What is required: In the records that follow, the lines from the one containing "Load image into" to the one containing "Gilli Feeling Zesty", inclusive, are to be given again exactly.

======

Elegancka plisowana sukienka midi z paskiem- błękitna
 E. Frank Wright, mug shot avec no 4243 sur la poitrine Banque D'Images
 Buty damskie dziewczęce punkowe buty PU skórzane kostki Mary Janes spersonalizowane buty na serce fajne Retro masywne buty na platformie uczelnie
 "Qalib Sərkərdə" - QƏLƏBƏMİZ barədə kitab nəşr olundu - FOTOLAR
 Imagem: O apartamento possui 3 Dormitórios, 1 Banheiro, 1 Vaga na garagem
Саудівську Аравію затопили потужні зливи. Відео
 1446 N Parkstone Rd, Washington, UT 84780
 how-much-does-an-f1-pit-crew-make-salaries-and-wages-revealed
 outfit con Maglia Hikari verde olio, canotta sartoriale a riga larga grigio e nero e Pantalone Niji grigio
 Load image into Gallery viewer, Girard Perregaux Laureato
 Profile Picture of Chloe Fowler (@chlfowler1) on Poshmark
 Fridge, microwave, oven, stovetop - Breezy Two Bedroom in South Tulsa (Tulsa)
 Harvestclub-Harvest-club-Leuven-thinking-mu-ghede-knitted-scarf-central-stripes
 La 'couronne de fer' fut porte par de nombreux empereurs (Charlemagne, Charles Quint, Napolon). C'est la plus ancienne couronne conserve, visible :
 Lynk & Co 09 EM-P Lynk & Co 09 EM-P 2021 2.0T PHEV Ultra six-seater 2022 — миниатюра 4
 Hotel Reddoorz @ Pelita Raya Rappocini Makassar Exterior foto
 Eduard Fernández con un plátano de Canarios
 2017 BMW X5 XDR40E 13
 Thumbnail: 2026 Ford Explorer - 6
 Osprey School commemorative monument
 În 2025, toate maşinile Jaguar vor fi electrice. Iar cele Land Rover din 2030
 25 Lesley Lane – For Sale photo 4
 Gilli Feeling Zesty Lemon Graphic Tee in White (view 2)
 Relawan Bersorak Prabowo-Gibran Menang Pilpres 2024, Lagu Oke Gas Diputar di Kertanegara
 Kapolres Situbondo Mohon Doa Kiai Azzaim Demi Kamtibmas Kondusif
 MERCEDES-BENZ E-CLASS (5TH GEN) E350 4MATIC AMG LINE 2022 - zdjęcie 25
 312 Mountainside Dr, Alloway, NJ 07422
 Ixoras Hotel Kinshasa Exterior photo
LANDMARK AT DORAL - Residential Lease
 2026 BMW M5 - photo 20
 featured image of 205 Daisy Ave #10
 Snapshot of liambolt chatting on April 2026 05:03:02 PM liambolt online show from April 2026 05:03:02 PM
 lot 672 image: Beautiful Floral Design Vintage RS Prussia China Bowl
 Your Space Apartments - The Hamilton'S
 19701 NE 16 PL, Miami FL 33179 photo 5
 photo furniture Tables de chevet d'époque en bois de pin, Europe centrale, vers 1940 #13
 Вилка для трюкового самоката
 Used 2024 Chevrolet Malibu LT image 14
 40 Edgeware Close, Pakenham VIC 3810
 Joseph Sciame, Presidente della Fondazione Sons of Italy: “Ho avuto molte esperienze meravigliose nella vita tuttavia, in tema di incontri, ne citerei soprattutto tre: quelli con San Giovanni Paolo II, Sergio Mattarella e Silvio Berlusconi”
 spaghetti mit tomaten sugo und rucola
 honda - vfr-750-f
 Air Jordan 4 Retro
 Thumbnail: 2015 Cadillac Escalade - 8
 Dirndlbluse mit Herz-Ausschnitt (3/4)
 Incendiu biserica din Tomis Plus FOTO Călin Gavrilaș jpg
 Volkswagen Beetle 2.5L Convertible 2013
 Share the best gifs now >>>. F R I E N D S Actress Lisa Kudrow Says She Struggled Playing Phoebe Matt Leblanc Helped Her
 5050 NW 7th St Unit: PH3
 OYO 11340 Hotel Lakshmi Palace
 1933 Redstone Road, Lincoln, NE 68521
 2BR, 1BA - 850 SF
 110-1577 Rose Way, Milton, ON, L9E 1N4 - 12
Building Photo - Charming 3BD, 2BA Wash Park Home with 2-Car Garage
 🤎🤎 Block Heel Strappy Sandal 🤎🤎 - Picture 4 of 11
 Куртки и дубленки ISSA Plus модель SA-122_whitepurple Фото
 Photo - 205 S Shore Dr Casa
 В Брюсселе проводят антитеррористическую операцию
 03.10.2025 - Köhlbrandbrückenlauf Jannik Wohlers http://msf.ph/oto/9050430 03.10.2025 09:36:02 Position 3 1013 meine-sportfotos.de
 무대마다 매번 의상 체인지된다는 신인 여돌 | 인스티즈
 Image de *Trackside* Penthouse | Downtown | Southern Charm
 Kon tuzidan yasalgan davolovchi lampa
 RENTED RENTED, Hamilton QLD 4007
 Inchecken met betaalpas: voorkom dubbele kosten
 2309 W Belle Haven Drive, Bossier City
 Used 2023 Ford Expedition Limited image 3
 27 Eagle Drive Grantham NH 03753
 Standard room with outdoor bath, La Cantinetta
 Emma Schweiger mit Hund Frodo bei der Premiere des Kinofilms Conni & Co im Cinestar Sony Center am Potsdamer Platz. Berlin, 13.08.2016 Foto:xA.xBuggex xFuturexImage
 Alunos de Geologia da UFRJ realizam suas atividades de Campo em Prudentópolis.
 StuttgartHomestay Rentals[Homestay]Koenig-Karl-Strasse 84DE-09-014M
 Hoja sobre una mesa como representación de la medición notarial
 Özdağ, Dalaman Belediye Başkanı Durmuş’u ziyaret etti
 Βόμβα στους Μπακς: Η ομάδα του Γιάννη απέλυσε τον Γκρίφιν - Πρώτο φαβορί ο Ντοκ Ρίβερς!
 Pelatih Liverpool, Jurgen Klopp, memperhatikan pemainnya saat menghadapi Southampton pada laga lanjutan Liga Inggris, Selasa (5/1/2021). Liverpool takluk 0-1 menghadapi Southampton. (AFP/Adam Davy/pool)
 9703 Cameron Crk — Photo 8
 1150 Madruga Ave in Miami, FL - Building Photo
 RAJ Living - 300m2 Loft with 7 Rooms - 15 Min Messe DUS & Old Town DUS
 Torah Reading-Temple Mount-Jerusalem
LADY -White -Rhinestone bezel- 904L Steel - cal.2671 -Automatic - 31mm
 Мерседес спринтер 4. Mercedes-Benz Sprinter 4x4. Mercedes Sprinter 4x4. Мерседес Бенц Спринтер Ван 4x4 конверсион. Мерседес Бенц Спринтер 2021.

======

Your solution:
 Load image into Gallery viewer, Girard Perregaux Laureato
 Profile Picture of Chloe Fowler (@chlfowler1) on Poshmark
 Fridge, microwave, oven, stovetop - Breezy Two Bedroom in South Tulsa (Tulsa)
 Harvestclub-Harvest-club-Leuven-thinking-mu-ghede-knitted-scarf-central-stripes
 La 'couronne de fer' fut porte par de nombreux empereurs (Charlemagne, Charles Quint, Napolon). C'est la plus ancienne couronne conserve, visible :
 Lynk & Co 09 EM-P Lynk & Co 09 EM-P 2021 2.0T PHEV Ultra six-seater 2022 — миниатюра 4
 Hotel Reddoorz @ Pelita Raya Rappocini Makassar Exterior foto
 Eduard Fernández con un plátano de Canarios
 2017 BMW X5 XDR40E 13
 Thumbnail: 2026 Ford Explorer - 6
 Osprey School commemorative monument
 În 2025, toate maşinile Jaguar vor fi electrice. Iar cele Land Rover din 2030
 25 Lesley Lane – For Sale photo 4
 Gilli Feeling Zesty Lemon Graphic Tee in White (view 2)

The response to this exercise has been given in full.